> **About this exercise**: Reproduce the section of the listing that begins at the line containing "Security Provider" and finishes at the line containing "KN 72269380 /Exporte". Include both end lines and nothing beyond them.

>>>>>

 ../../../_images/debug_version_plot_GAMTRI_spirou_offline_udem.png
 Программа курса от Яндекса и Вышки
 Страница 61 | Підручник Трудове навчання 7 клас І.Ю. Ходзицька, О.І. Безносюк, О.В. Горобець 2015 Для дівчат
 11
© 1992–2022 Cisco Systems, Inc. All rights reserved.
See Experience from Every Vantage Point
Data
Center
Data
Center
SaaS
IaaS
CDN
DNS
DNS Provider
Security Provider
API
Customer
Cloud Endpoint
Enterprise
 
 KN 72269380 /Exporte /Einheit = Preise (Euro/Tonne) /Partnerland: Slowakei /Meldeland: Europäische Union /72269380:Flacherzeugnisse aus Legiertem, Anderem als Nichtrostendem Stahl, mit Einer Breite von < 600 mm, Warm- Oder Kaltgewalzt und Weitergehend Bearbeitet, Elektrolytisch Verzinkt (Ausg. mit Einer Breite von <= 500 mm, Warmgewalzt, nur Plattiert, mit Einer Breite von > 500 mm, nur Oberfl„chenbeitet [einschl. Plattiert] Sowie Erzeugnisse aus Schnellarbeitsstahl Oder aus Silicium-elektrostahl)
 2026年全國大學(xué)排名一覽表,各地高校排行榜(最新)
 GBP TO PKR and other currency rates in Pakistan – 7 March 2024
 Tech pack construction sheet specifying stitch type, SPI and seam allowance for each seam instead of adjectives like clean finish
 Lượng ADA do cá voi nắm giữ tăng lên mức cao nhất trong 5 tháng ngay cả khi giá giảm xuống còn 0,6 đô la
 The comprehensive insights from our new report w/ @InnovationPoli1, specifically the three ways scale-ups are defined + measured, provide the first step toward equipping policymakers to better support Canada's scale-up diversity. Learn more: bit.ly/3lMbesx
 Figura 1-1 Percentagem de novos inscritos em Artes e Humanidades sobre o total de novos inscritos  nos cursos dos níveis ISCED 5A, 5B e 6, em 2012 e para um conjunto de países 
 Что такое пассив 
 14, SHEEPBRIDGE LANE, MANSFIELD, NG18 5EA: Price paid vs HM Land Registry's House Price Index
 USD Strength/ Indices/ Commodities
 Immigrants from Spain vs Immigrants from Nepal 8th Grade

<<<<<

> **Solution to the exercise**:
Security Provider
API
Customer
Cloud Endpoint
Enterprise
 
 KN 72269380 /Exporte /Einheit = Preise (Euro/Tonne) /Partnerland: Slowakei /Meldeland: Europäische Union /72269380:Flacherzeugnisse aus Legiertem, Anderem als Nichtrostendem Stahl, mit Einer Breite von < 600 mm, Warm- Oder Kaltgewalzt und Weitergehend Bearbeitet, Elektrolytisch Verzinkt (Ausg. mit Einer Breite von <= 500 mm, Warmgewalzt, nur Plattiert, mit Einer Breite von > 500 mm, nur Oberfl„chenbeitet [einschl. Plattiert] Sowie Erzeugnisse aus Schnellarbeitsstahl Oder aus Silicium-elektrostahl)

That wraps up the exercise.